Eine etwas andere Qualität hat das persönliche Karma. Hier geht es um individuell verursachte Folgen bestimmter Begegnungen, bestimmter Taten, um Glück und Leid einzelner Menschen, mit denen ich etwas zu tun habe. Hier stellt sich die Frage nach Ursache und Folgen des individuellen Handelns, nach meiner eigenen Fähigkeit oder Fehlbarkeit, nach meiner seelischen Disposition, vielleicht auch nach den nicht gewollten Schmerzen, die ich anderen zugefügt habe, aber auch nach der Möglichkeit, die Folgen meiner Handlungen selbst zu übernehmen und in meinem Seelenleben die Schichten ins Bewusstsein zu bringen, die eben bislang unterschwellig gewirkt haben. Hier liegen zentrale menschliche Erkenntnis- und Handlungsaufgaben, die auch mit Heilung, mit Zukunftsfähigkeiten oder „Wiedergutmachung“ zu tun haben. Hier liegt ein Schlüssel zur sozialen Zukunftskompetenz von individuellen Menschen, Menschengruppen oder auch der Menschheit.
Ein erster Schritt ist es, überhaupt zu sehen und zu akzeptieren, dass durch mich an dieser oder jener Stelle ein Problem, eine Verletzung, ein Schaden entstanden ist. Entweder bringen wir das noch in unserem Leben ins „Reine“ oder wir nehmen es mit in den nachtodlichen Bereich. Dann aber begegnen wir – so Rudolf Steiner – den Menschen, mit denen wir im Leben etwas zu tun hatten, was eben einen Ausgleich fordert, was im Welten-Geschehen so nicht stehen bleiben kann. Viele Menschen sehen das heute auch im Bereich des Gesamt- Menschheitlichen. Was wir hier in Europa durch unser Kaufverhalten bewirken, das betrifft Menschen in anderen Kontinenten. Wir sind Verursacher der Not in vielen Ländern der sogenannten dritten Welt. Eine Initiative in Deutschland nennt das „Karma-Konsum“ und spielt damit auf unsere Verantwortung für die Folgen unserer Taten an. Mit dem Klima ist es ähnlich. Erst wenn ich eingestehe, dass die damit verbundenen Katastrophen menschengemacht sind, und ich mich mitverantwortlich fühle, ändert die Menschheit ihren Kurs.

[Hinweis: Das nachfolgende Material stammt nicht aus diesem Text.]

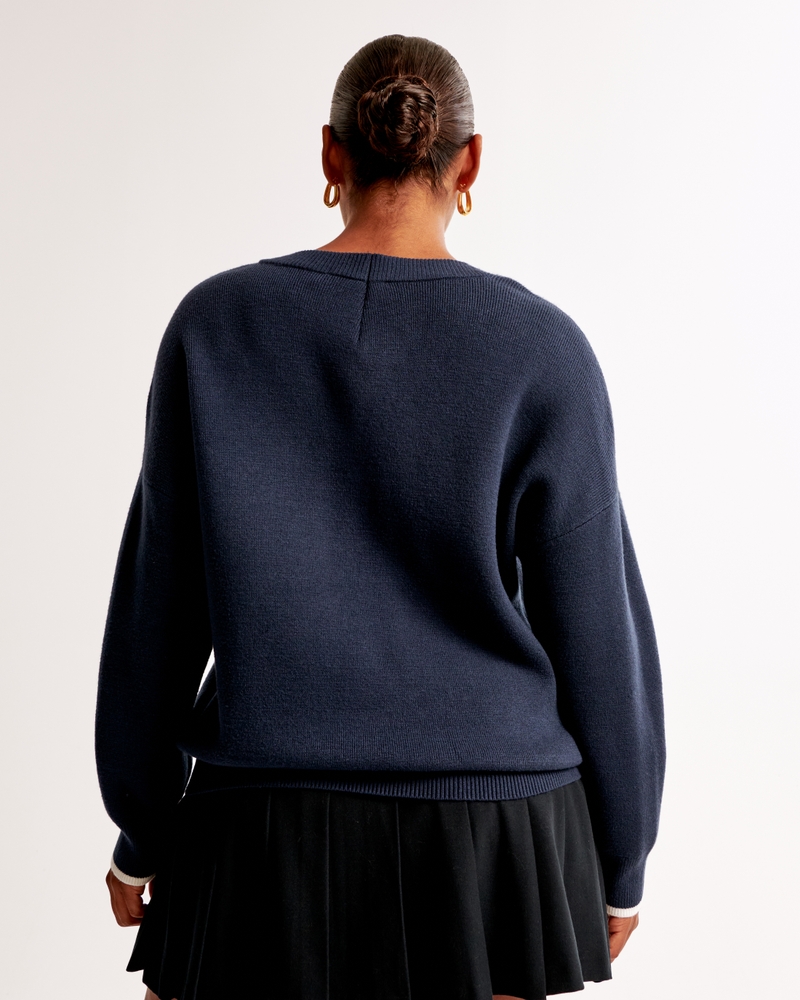 Go Sports LuxeLoft V-Neck Sweater(dark indigo,XXS)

Unsere Überlegungen im Vorstand der AGiD gehen dahin, dass das Thema Karma innerhalb der Anthroposophischen Gesellschaft und im Umfeld auf die Tagesordnung gehört, dass es besprechbar, erfahrbar und handhabbar werden kann. Immerhin ist es mitunter das zentrale Thema der Anthroposophie und macht in Steiners Werk einen großen Umfang aus. Nun ist es eine wichtige Voraussetzung, dass es gründlich studiert wird. So sind die Karma- Vorträge nach meiner Einschätzung die meistgelesenen Vorträge in den Zweigen der Anthroposophischen Gesellschaft. Noch konkreter wird es aber, wenn wir nach einem möglichen Schulungsweg suchen, um dieses Thema innerlich zu durchleben, und einen übenden Zugang entwickeln wollen. Es entsteht die Frage nach meiner innerseelischen und geistigen Disposition, nach meinem Schatten- bzw. Doppelgänger-Wesen, nach meinem Verhältnis zu anderen Menschen in Konflikten, nach meiner Möglichkeit zu verzeihen, nach der inneren Verbindung mit meinem Gegenüber und letztlich nach der verzeihenden und heilenden Geste im Zwischenmenschlichen.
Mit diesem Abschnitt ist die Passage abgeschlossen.